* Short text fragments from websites
-- Opening Marker --
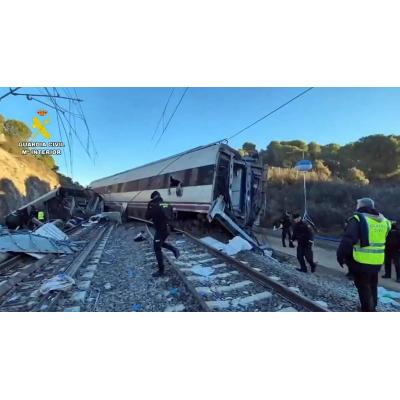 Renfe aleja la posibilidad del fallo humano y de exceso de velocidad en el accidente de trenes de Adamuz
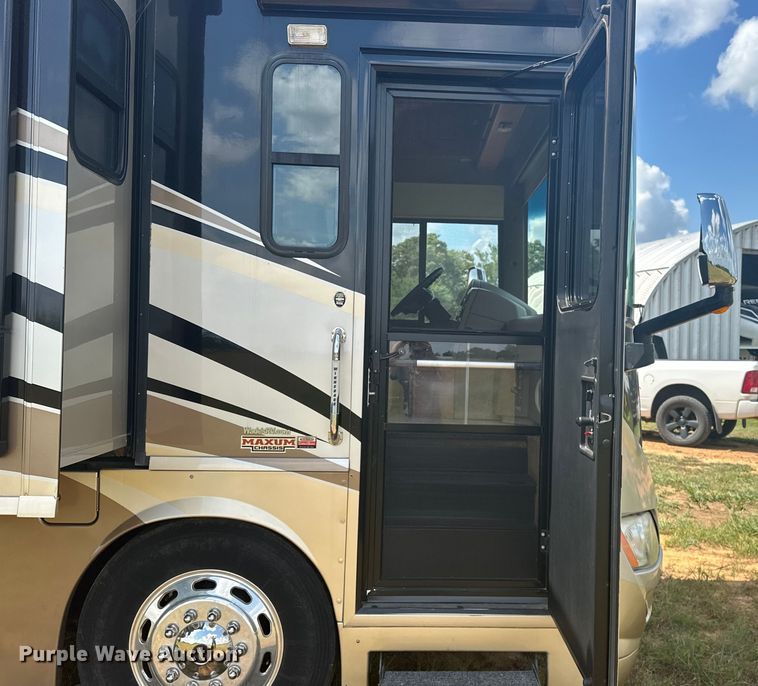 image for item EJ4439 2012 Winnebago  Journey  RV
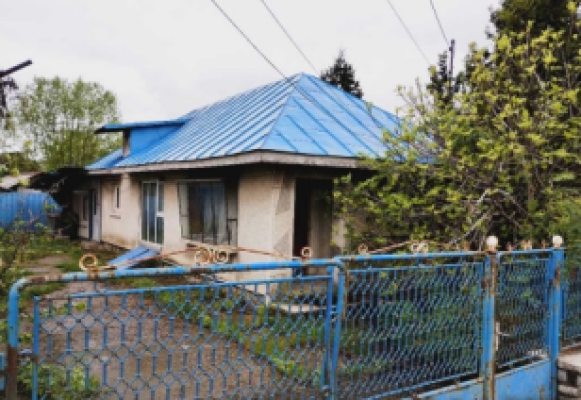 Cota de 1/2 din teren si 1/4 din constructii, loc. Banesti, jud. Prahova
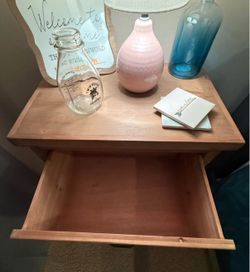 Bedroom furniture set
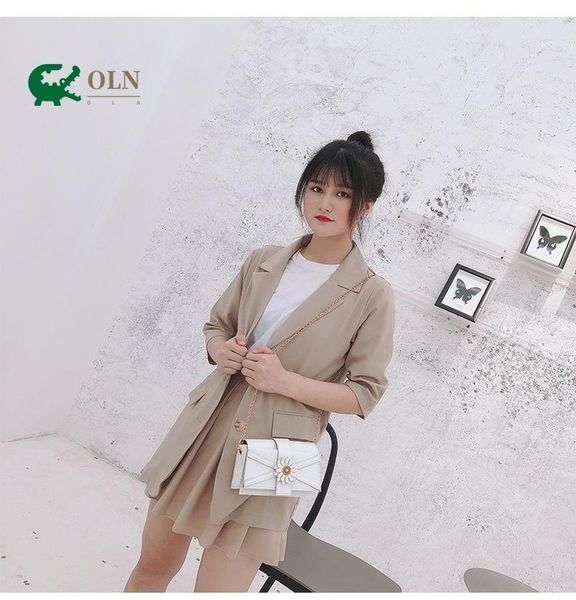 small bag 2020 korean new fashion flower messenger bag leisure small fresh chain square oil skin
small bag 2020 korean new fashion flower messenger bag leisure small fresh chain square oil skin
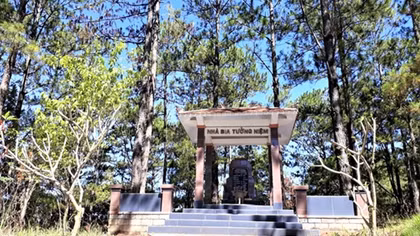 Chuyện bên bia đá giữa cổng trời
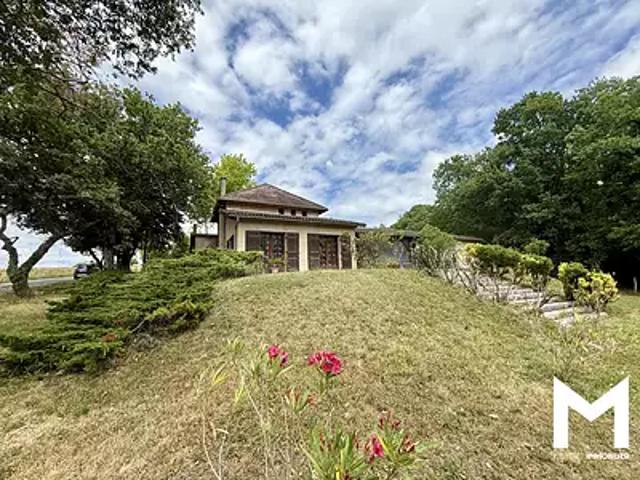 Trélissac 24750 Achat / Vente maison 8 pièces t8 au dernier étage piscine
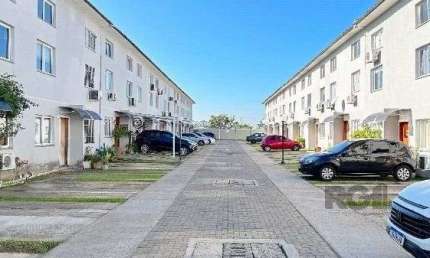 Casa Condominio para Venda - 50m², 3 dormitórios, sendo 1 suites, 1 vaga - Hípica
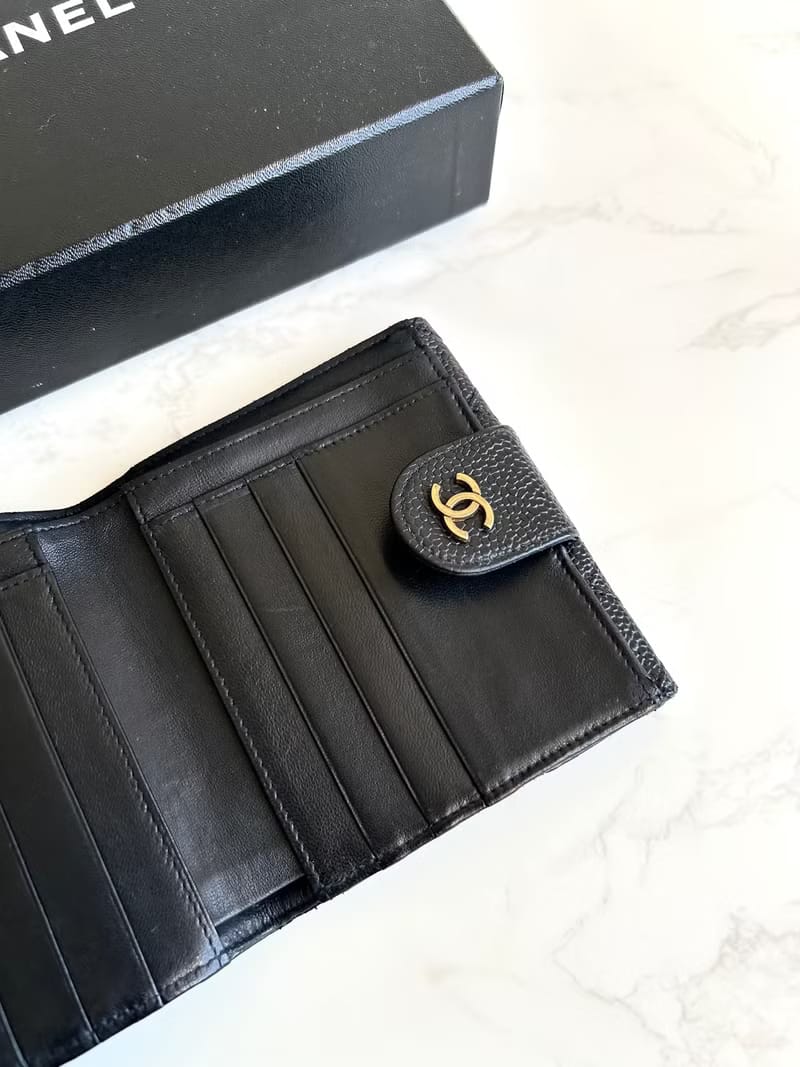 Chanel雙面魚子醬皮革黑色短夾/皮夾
-- Closing Marker --
* What you have to do
The records above are to be quoted exactly, with all pictures left out.

* Written response
 Renfe aleja la posibilidad del fallo humano y de exceso de velocidad en el accidente de trenes de Adamuz
 image for item EJ4439 2012 Winnebago  Journey  RV
 Cota de 1/2 din teren si 1/4 din constructii, loc. Banesti, jud. Prahova
 Bedroom furniture set
 small bag 2020 korean new fashion flower messenger bag leisure small fresh chain square oil skin
small bag 2020 korean new fashion flower messenger bag leisure small fresh chain square oil skin
 Chuyện bên bia đá giữa cổng trời
 Trélissac 24750 Achat / Vente maison 8 pièces t8 au dernier étage piscine
 Casa Condominio para Venda - 50m², 3 dormitórios, sendo 1 suites, 1 vaga - Hípica
 Chanel雙面魚子醬皮革黑色短夾/皮夾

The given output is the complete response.